The old set of instances (especially prod) has been running for quite some time, likely accumulating several hotfixes over that period. Research the applied hotfixes and determine which of them need to be manually implemented on the N+2 boxes (if any, note them).

First, check the hot-fixed issues and PRs. Then, check the file-system modifications:

# over ssh on the _old_ box, search for weird things (ignore config changes
# and /boot)
[root@copr-be-dev ~][STG]# rpm -Va | grep -v -e /etc/ -e /boot/
...
S.5....T.    /var/www/cgi-resalloc
...
S.5....T.    /usr/lib/python3.12/site-packages/copr_backend/pulp.py
...

E.g., the /var/www/cgi-resalloc file is a weird change, but that in particular is covered in playbooks. The pulp.py change is important to note though! You may consult the dnf diff copr-backend output, find the corresponding upstream PR on GitHub, and tag the PR with hot-fixed label (if not already done).

Preparation

Ensure you have the helper playbook repository cloned locally and navigate to the clone directory.

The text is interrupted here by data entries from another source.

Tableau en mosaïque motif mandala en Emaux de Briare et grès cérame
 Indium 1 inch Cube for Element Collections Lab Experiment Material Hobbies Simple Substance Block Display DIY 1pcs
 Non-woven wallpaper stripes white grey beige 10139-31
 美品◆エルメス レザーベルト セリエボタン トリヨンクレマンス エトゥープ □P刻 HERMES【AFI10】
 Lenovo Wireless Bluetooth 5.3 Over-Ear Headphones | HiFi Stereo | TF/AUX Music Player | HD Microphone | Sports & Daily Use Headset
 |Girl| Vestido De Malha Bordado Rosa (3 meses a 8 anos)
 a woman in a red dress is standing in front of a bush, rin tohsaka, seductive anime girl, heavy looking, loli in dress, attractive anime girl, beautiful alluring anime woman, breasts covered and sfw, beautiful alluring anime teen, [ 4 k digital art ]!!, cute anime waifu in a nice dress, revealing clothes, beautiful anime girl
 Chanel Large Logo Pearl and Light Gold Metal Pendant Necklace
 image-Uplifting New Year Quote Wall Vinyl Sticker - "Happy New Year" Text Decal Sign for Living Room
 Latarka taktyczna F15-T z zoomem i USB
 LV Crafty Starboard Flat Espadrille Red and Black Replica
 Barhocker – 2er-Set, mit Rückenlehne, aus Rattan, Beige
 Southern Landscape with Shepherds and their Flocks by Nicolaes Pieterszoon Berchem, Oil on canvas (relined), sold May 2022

Review the dev.yml, prod.yml, and all.yml configurations in the ./group_vars directory. Pay particular attention to the data volume IDs as these MUST match the EC2 reality.

In the following moments, you will run several playbooks on your machine. During execution, explicitly specify two Ansible variables, copr_instance (set to either dev or prod) and server_id (set to either frontend, backend, distgit, or keygen). For example:

$ opts=( -e copr_instance=dev -e server_id=keygen )
$ ansible-playbook play-vm-migration-01-new-box.yml "${opts[@]}"

Identify the AMI (golden images) you want to use for the new VM instances. Typically, upgrade to Fedora N+2 (e.g., migrating infrastructure from Fedora 37 to Fedora 39). Visit the Cloud Base Images download page, locate the Launch on public cloud platforms section for x86_64-based instances, and click the button next to Fedora Cloud 41 AWS (ensure JavaScript is enabled for this page!). Note the ami-* ID in the US East (N. Virginia) region (for example ami-0746fc234df9c1ee0). Specify this ami-* ID in group_vars/all.yml, and ensure both group_vars/{dev,prod}.yml correctly reference it.

Double-check other machine parameters such as instance types, names, tags, IP addresses, root volume sizes, etc. Usually, the pre-filled defaults suffice, but verification is recommended.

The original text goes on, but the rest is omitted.